I like to think of everyone’s view here as sitting on a sliding scale. The thought experiment is, let’s say you were running a government and its currency and could redefine the rules as you see fit, and had the technology and manpower to enforce them accordingly. When would you step in and prevent me, a citizen of your country, from doing something with your currency?
- I pay a known enemy of state to fund a terrorist attack on citizens of your country.
- I buy illegal drugs from a known enemy of state and intend to distribute them in your country.
- I pay a foreign company to publish misinformation about your government.
- I buy a stolen car from a local thief.
- I buy illegal drugs from a friend for personal use.
- I invest in a foreign company that dislikes your government.
- I buy a ticket to a comedy show that makes fun of your government.
- I buy bread from a local baker who attends comedy shows that make fun of your government.
Most reasonable people would agree that 1 clearly requires intervention, and that 8 is too much government control. But other than that political and moral views can put people anywhere on this sliding scale. If I had to put the US government (and US Dollar) on this (totally made up) scale today, I would put it somewhere between a 3–5 depending on the political climate of the moment.
So much of the debate about payments, currency, and financial regulation occurs because people are operating from completely different places on this spectrum of total oversight vs total freedom. The technology and platform and protocol used is secondary, and often downstream of this. For example, in the US, a central bank digital currency (everyone having a bank account at the Fed) is almost certainly “technically” possible, but would be seen politically as “too much government control”.
Currencies are a powerful tool for nations, and therefore powerful weapons. Because of this, all governments implement some level of control over currencies, which shapes the underlying implementation and has tradeoffs just like any other technology: oversight vs privacy, centralization vs decentralization, automation vs manual controls. As builders in this space, we must design for the people we serve and the context they live in—their real spot on the sliding scale, rather than some whiteboarded ideal detached from reality.
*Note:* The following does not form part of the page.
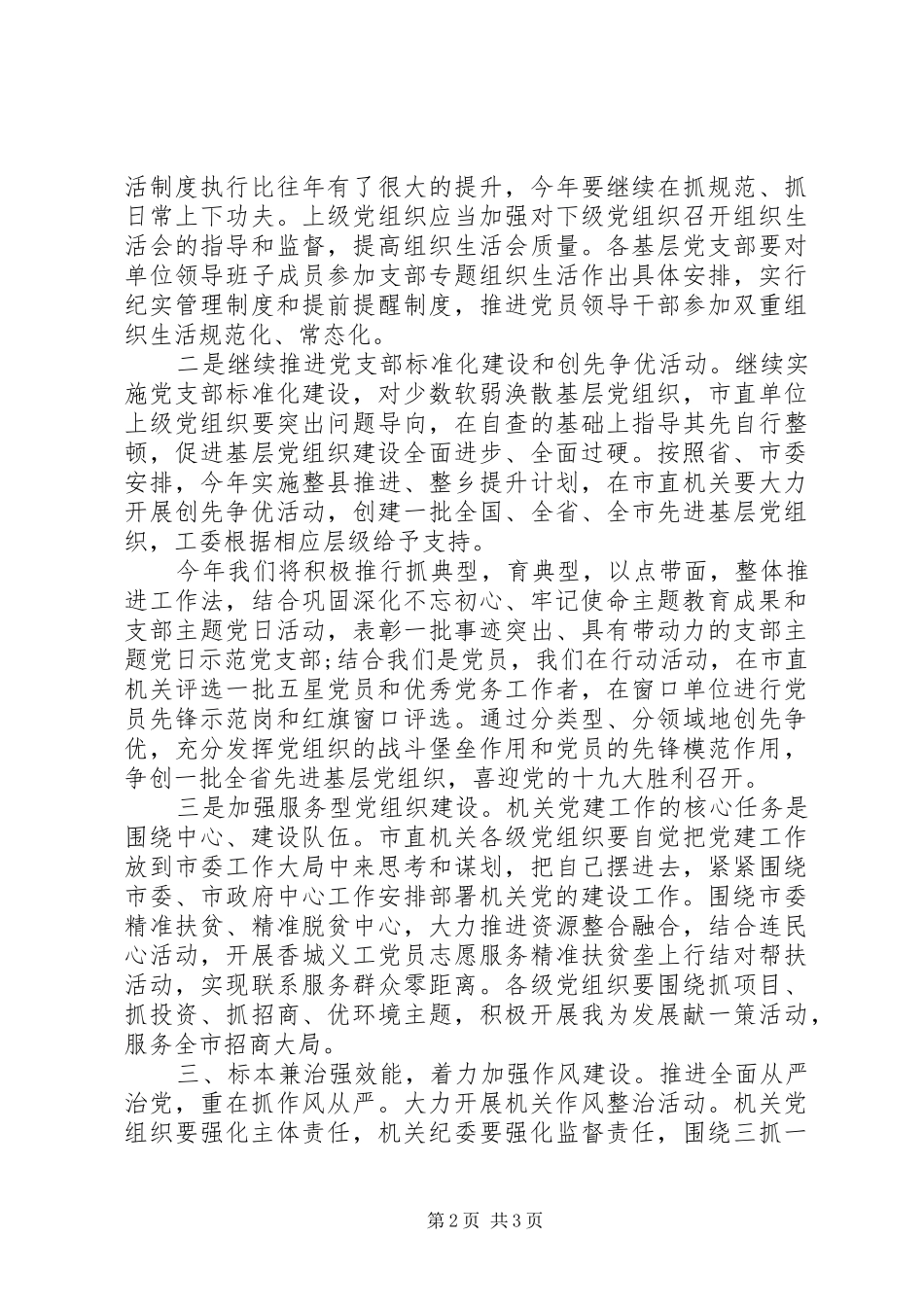 在市机关工委党建工作会议上的致辞_第2页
But next time you read a post by a thought leader in fintech, crypto, or banking, or are at a dinner party where someone talks about the broken financial system—try and guess where on this scale their perspective lives. It might just make the content a bit more informative or fun.
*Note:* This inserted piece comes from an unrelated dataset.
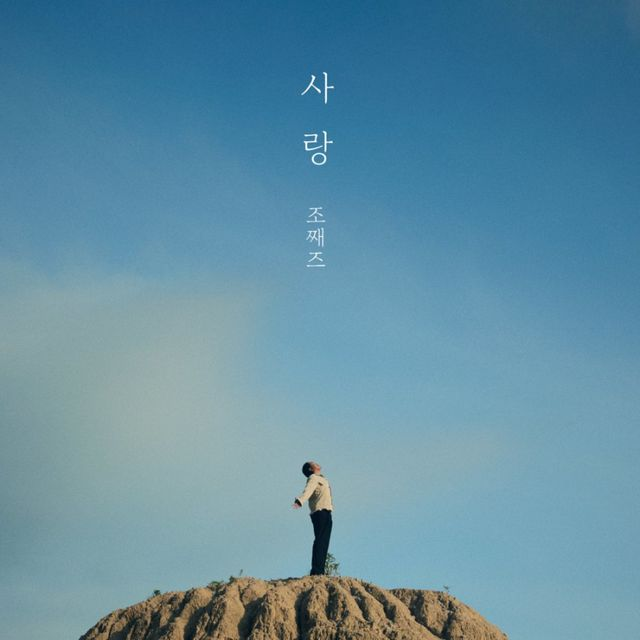 ‘모르시나요’ 차트 찢은 조째즈, 30일 신곡 ‘사랑’ 발매 [공식]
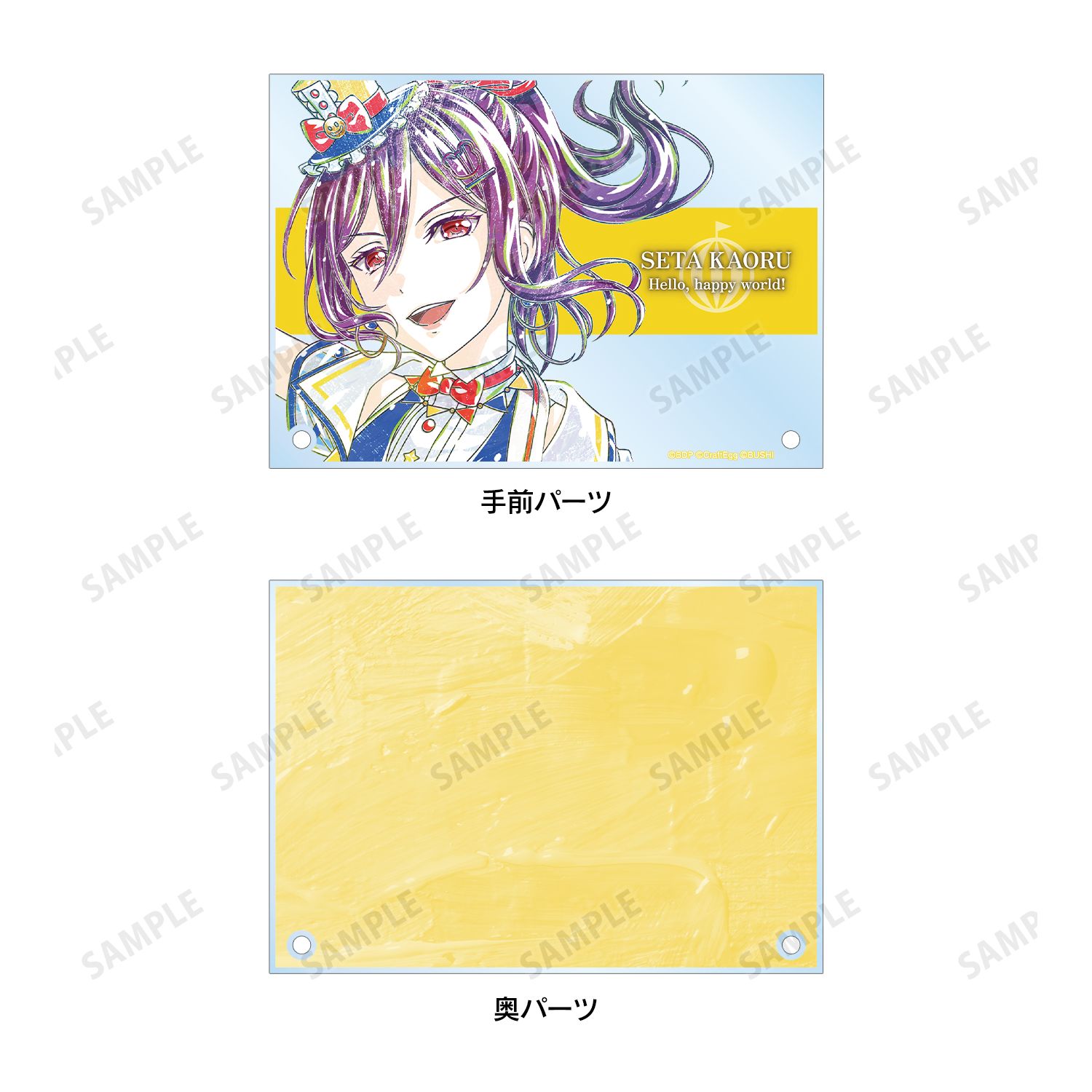 バンドリ! ガールズバンドパーティ! 瀬田 薫 Ani-Art 第4弾 ダブルアクリルパネル Image 4 | AniSmile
1. To simplify, let’s define “currency” as “government issued” currencies and their derivatives (like a dollar denominated stablecoin), and let’s define “control” as controls on what you can spend that currency on. There’s many other types of controls, but since currencies are a medium of exchanging value, the most powerful means of control is controlling what value can be exchanged using that currency. There’s also other types of non-government currencies (ex. Bitcoin), but those are much less frequently used by the average person or business and usually subject to the same controls (or are explicitly used to get around them illegally) so let’s ignore those for now.